For this reason, it does not originate with a threading library or asynchronous multi-tasking library, as it was normally used to address state-less nature of HTTP, a request at a time.

The advent of WebSockets led to a revolution that made it possible to create state-full services, and Node.js became homonym of this architecture. Shortly afterwards, the various architectures and their back-end applications were challenged, demonstrating how Go and Erlang (languages created for concurrency programming) could really thrive in this area.

But the developers already had their own libraries written in other languages such as PHP and Ruby, and few were actually willing to abandon everything they had been working on and switch to something new just for fashion.
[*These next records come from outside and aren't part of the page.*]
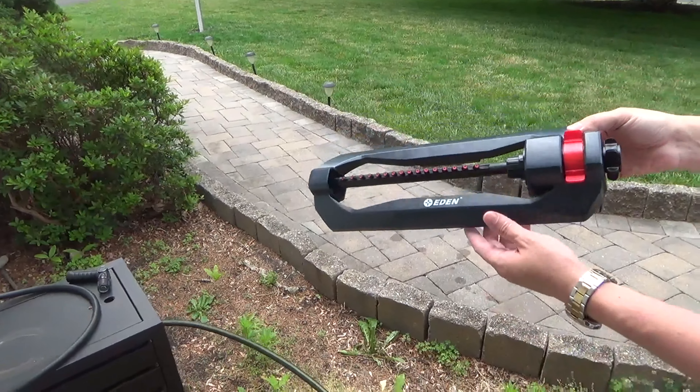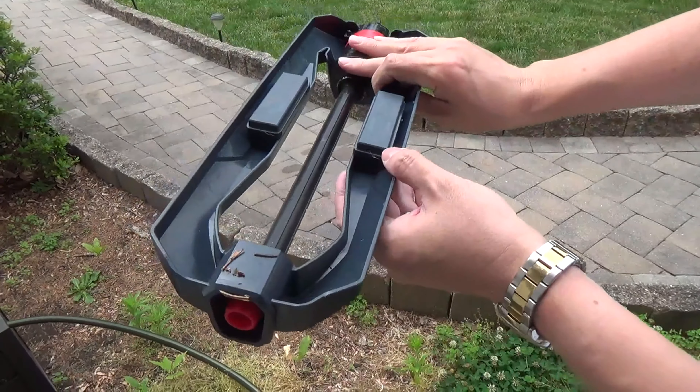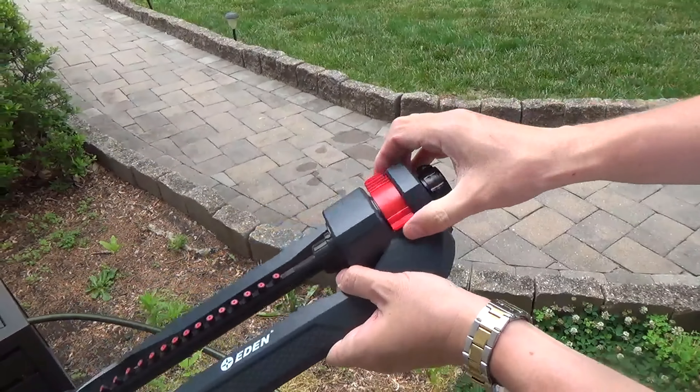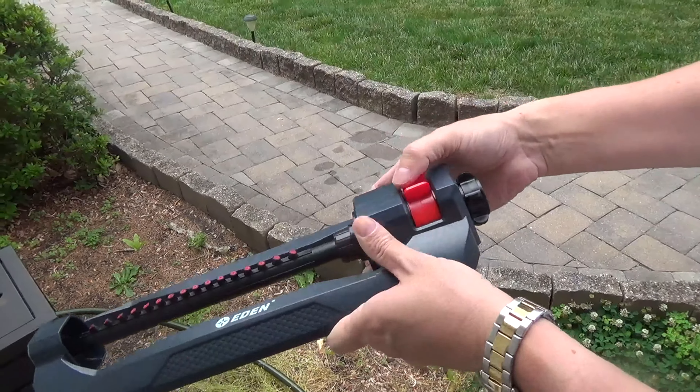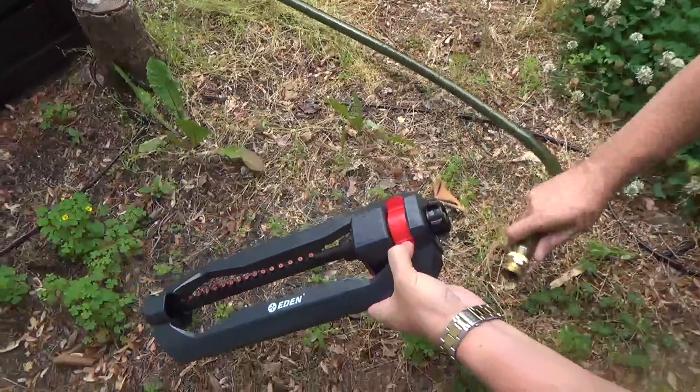Here's a review and demonstration of my Eden Oscillating Sprinkler. I really like this classic sprinkler. It has an adjustable range so I can target where the water goes, and it covers a pretty large area of my lawn.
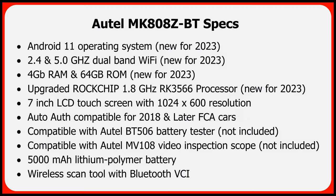Here are some key specs: the MK808Z-BT uses Android 11, which is new for 2023. Previous 808s used KitKat 4.4 up until about six months ago. It also has dual-band Wi-Fi — 2.4 and 5.0 GHz — also new for 2023. Previous 808s only had 2.4 GHz. This new scan tool has 4 GB of RAM and 64 GB of ROM, also new for 2023; previous 808s only had 1 GB of RAM.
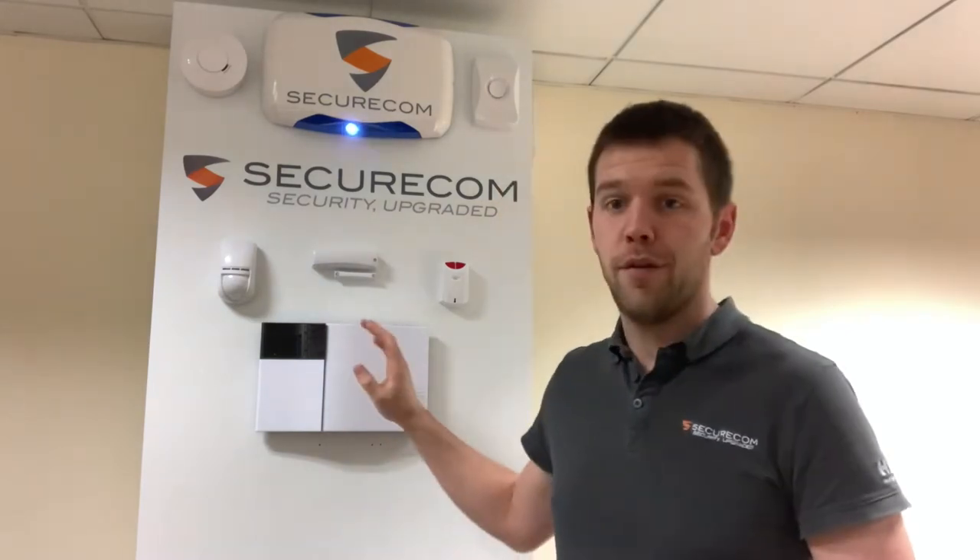Hi, I'm Jason from Securicom. I just want to do a quick demo video of our HKC wireless alarm system. I'll just go through what we have here.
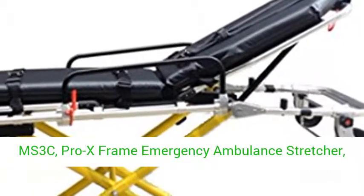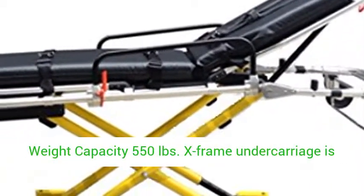MS-3C Pro X-Frame Emergency Ambulance Stretcher, weight capacity 550 pounds.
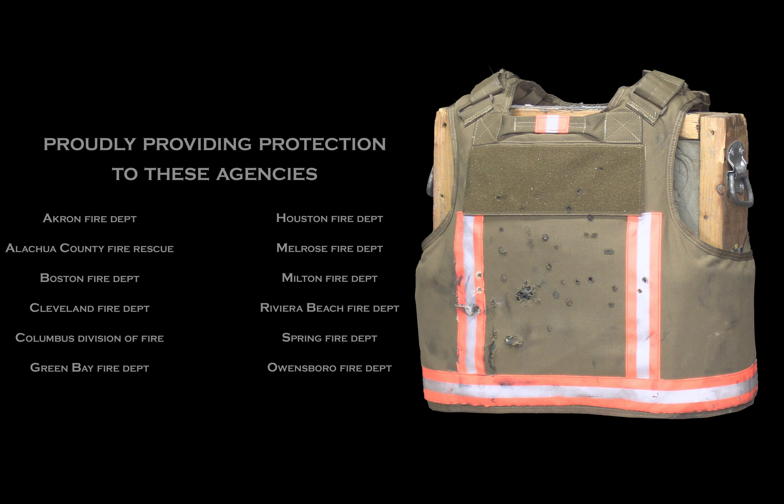If you were watching closely, all four were right here together. A little bit more blunt trauma on these, but no penetration.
The discussions arising from these novelties, however, have undergone an analysis of the structural compromises to which they expose us, so as to understand the impact on the software architecture.

Software Architecture

First, we should analyze what software architecture is and why it plays such an important role.

The main goal of architecture is Do everything to prevent failure.
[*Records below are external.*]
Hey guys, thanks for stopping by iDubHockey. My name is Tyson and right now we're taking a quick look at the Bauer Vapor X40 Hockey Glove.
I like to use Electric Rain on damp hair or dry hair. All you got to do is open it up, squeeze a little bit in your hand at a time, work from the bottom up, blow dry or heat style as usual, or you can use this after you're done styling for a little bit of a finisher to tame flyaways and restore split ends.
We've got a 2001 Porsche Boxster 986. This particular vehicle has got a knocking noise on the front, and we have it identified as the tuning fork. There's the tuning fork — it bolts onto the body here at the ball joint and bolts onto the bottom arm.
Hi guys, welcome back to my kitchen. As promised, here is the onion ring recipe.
Where “Do everything” means that you have to do compromise, sacrificing something to get another. For example, it might be preferable to use a small amount of extra memory to get a slightly faster calculation.

Typical case of this kind of choice is represented by the array: in PHP are ordered hashmap. In fact, thanks to their hashing properties, allow access to their own values with greater speed, even if they are required more data to be stored. Since most PHP requests live only for a few milliseconds, this choice is considered acceptable: It is preferable to use more memory to get faster execution of requests, facilitating the use of a PHP array as dictionary or list.

Another example of a compromise that makes PHP is evident in its concurrency model.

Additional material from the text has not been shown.